Penetapan HPP, menurut Sutaryo, penting agar petani lebih antusias bertanam dan meningkatkan produksi kedelai sehingga Indonesia tak lagi bergantung pada impor.
Ketergantungan terhadap asing, menurut Sutaryo, sangat merugikan. Saat ini, misalnya, musim dingin yang melanda Amerika Serikat menurunkan produksi dan otomatis mengerek harga kedelai yang dikirim dari sana. "Sebulan terakhir harga terus naik," ujarnya.
Ia menyebutkan, sebulan lalu, harga kedelai impor masih sekitar Rp 7.300 hingga Rp 7.500 per kilogram. Saat ini, di Jakarta, harganya sudah mencapai sekitar Rp 9.500.

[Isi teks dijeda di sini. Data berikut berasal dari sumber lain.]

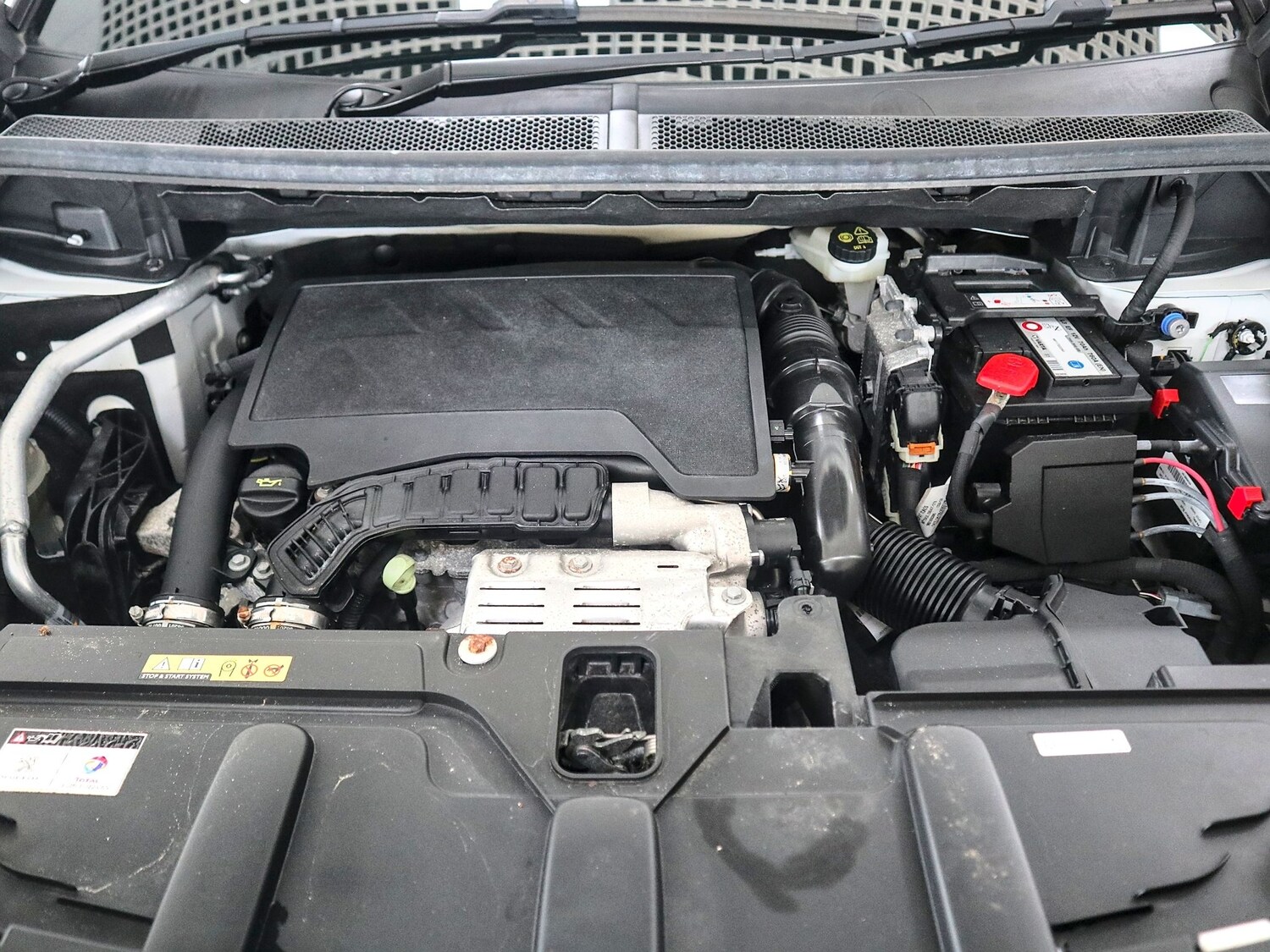 Used Peugeot 5008 2020 for sale - 77508769: Photo 44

Kenaikan harga kedelai bukan hanya terjadi di sekitar Ibu Kota, tapi juga dirasakan oleh pengusaha di luar daerah. Di Solo dan Yogyakarta, misalnya, harga kedelai impor sekitar Rp 8.000 hingga Rp 8.500. "Kita sudah mulai tipis-tipiskan irisannya," kata Sutaryo.

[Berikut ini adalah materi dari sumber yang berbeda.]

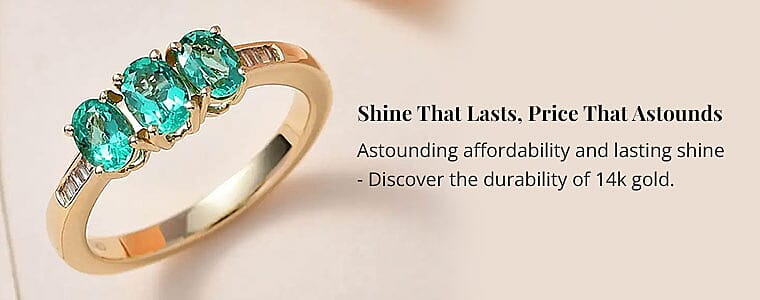 Shine That Lasts, Price That Astounds Banner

Pemerintah sebenarnya telah cukup lama menggodok regulasi soal harga pembelian pemerintah (HPP) kedelai itu. Beleid itu akan diterbitkan berupa Peraturan Presiden dan diperinci dalam peraturan teknis yang dikeluarkan oleh Menteri Perdagangan. "Insya Allah akhir Februari. Permendag akan siap setelah Perpres-nya selesai segera," kata Menteri Perdagangan Gita Wirjawan.

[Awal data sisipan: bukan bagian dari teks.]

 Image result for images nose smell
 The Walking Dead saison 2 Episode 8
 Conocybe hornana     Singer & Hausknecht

Bulog mencatat, produksi kedelai nasional tahun lalu hanya mencapai 779.800 ton. Padahal, jumlah kebutuhannya mencapai 2,48 juta ton, di mana sekitar 1,83 juta ton di antaranya terserap oleh industri tahu dan tempe.
Kekurangan kedelai nasional dipenuhi melalui impor, di mana kedelai impor Amerika telah mendominasi sejak lima tahun terakhir. Indonesia merupakan negara importir kedelai terbesar kedua setelah Cina, yang mengimpor 21 juta ton per tahun.